Mexican businessman (born 1961)

Agustín Coppel Luken (born 1961) is a Mexican businessman. He is the Chairman of the Board of Directors of the Mexican retail and financial services company Grupo Coppel and was previously the Group's CEO. He is known for leading Coppel's diversification into banking and retirement funds through the creation of subsidiaries BanCoppel and Afore Coppel.

== Early life and education ==
Agustín Coppel Luken was born in Culiacán, Sinaloa. He earned a degree in marketing from the Monterrey Institute of Technology and Higher Education (ITESM).

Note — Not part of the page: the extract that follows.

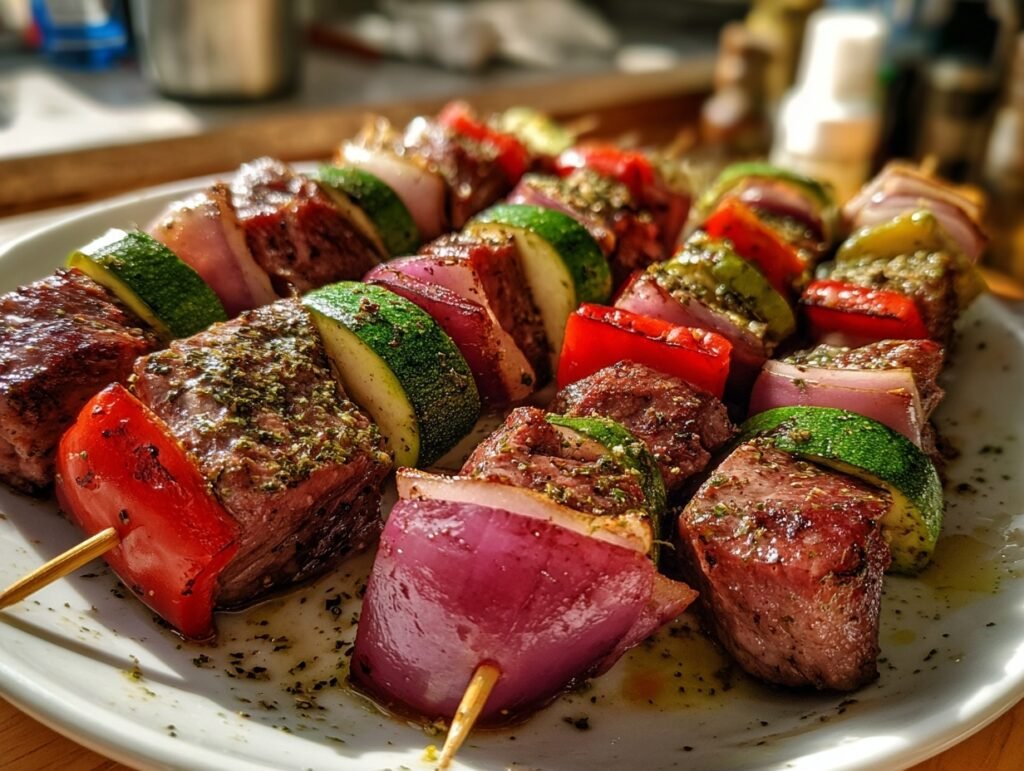 Tender Beef Kebabs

His father, Enrique Coppel Tamayo, founded Grupo Coppel in Sinaloa in 1941. In 1982, his eldest son Enrique Coppel Luken assumed the management of the company, and in 2008 Agustín was appointed CEO and Chairman of Grupo Coppel.

== Career ==
In the early part of his career, Coppel Luken tended registers at Coppel stores and then was placed in charge of clothing and furniture, before becoming store manager. He rose within the company, eventually becoming the Group's Director of Marketing and Distribution Operations.

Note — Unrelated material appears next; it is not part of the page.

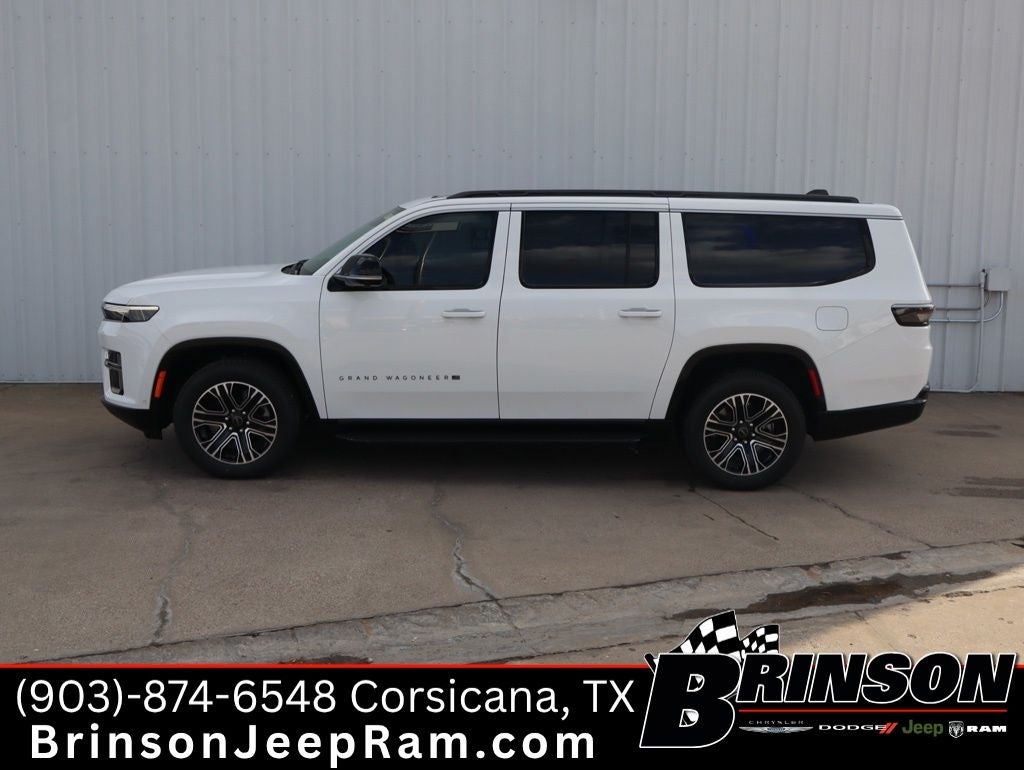 2026 Jeep Grand Wagoneer GRAND WAGONEER L 4X2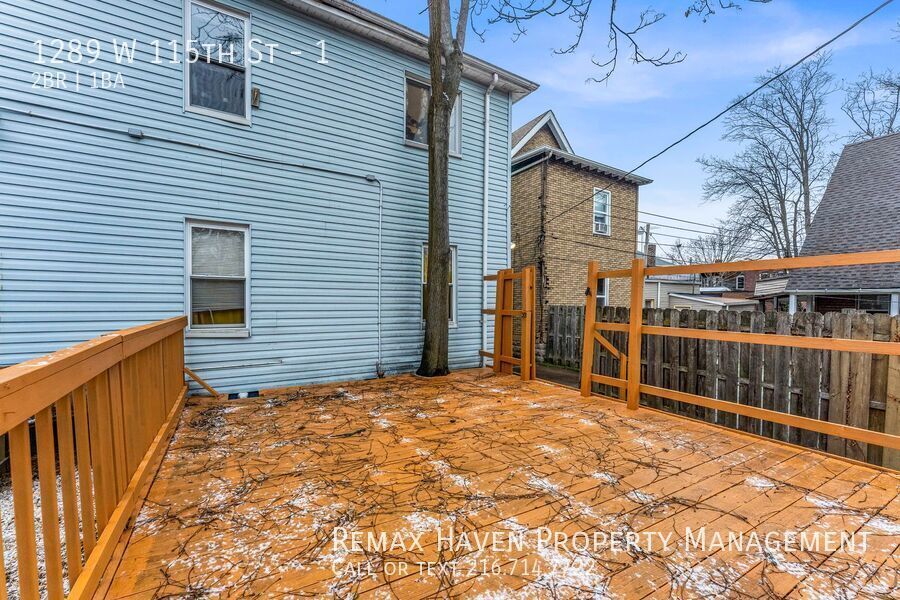 1289 W 115th St | Unit 1, Cleveland - Spacious 2-bed 1-bath multi-family home!  property image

In April 2007, Coppel Luken became the first president of the newly founded BanCoppel.

In November 2007, he led the initiative to acquire the mortgage lender Crédito y Casa, which Expansión noted made Coppel the first Mexican company to combine retail, banking and mortgage services.

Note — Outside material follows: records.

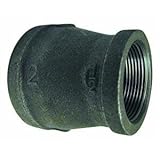 Mueller BK Black Reducing Coupling-1-1/2X1-1/4 BLK COUPLING (並行輸入品)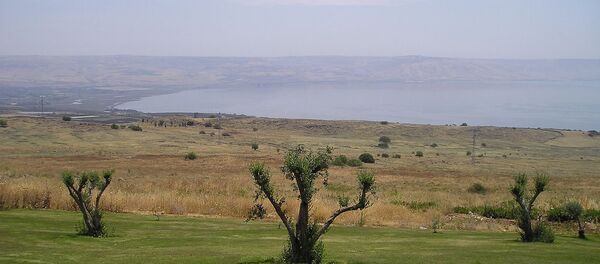 加利利海 - 俄罗斯卫星通讯社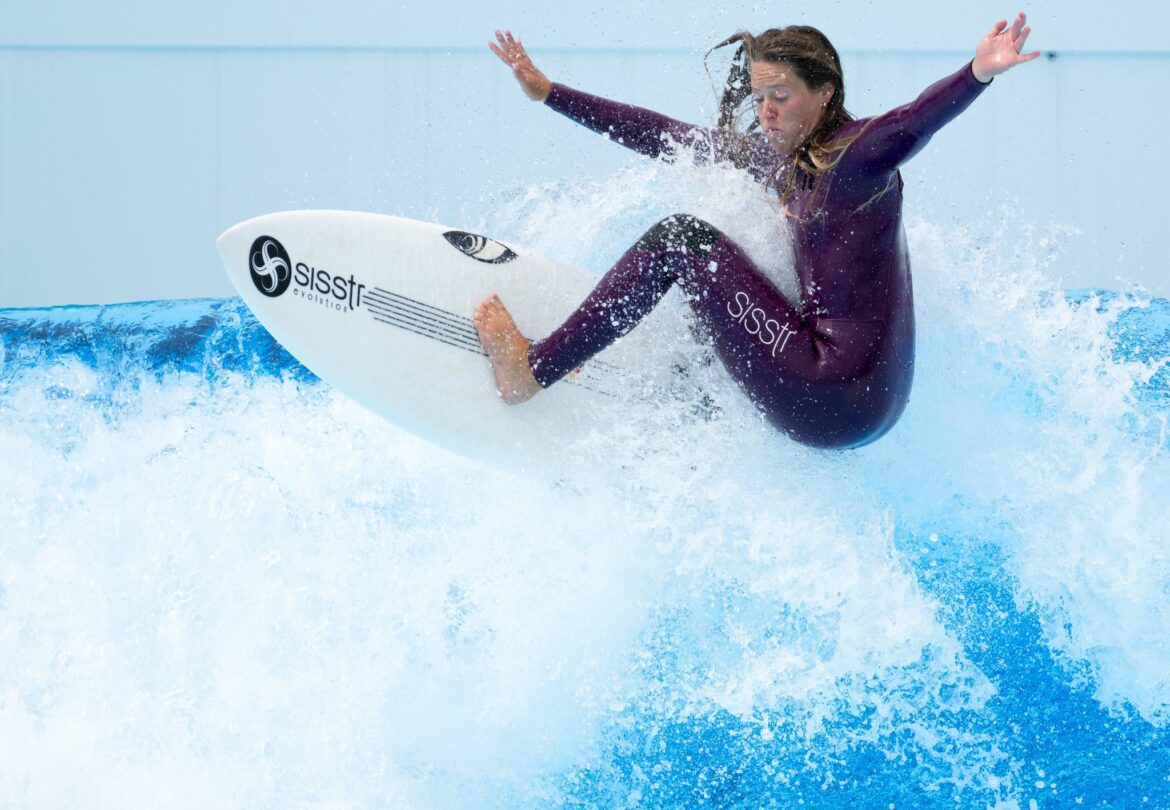 Surferin Kemp bei Olympia: «Zwischen Paradies und Hölle»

In 2008 Coppel Luken was appointed CEO and Chairman of Grupo Coppel. He played an active role in the company's international expansion, launching operations in Brazil and Argentina in 2010.

In 2013, he received the Montblanc de la Culture Arts Patronage Award.

In 2015, Coppel Luken led the company's acquisition of the discount department store chain Viana for 2.5 billion pesos.

In September 2020, Coppel Luken introduced the company's move to open the clothing and footwear outlet store chain Fashion Market and the motorcycle store Coppel Motos.

In 2024, Coppel Luken was awarded the Gold Medal from the Americas Society and was included in Expansións list of "The 100 Most Important Businesspeople in Mexico," ranking among the top 10 entrepreneurs who generate the most jobs in the country.

Coppel Luken is the honorary chairman of the Foro Mar de Cortés, a civil organization that promotes sustainable development in several Mexican states.

In July 2025, Grupo Coppel announced a new leadership structure where Coppel Luken remained Chairman of the Board, while his nephew, Diego Coppel Sullivan, assumed the role of CEO.

Coppel Luken is also a board member of the Mexicanos Primero foundation. He supports the Botanical and Zoological Society of Sinaloa and provides donations to the Culiacán Botanical Garden.

== Personal life ==
Coppel Luken and his wife founded the non-profit organization Colección Isabel y Agustín Coppel (CIAC A.C.), which supports the research and dissemination of art through various artistic projects and contemporary practice research.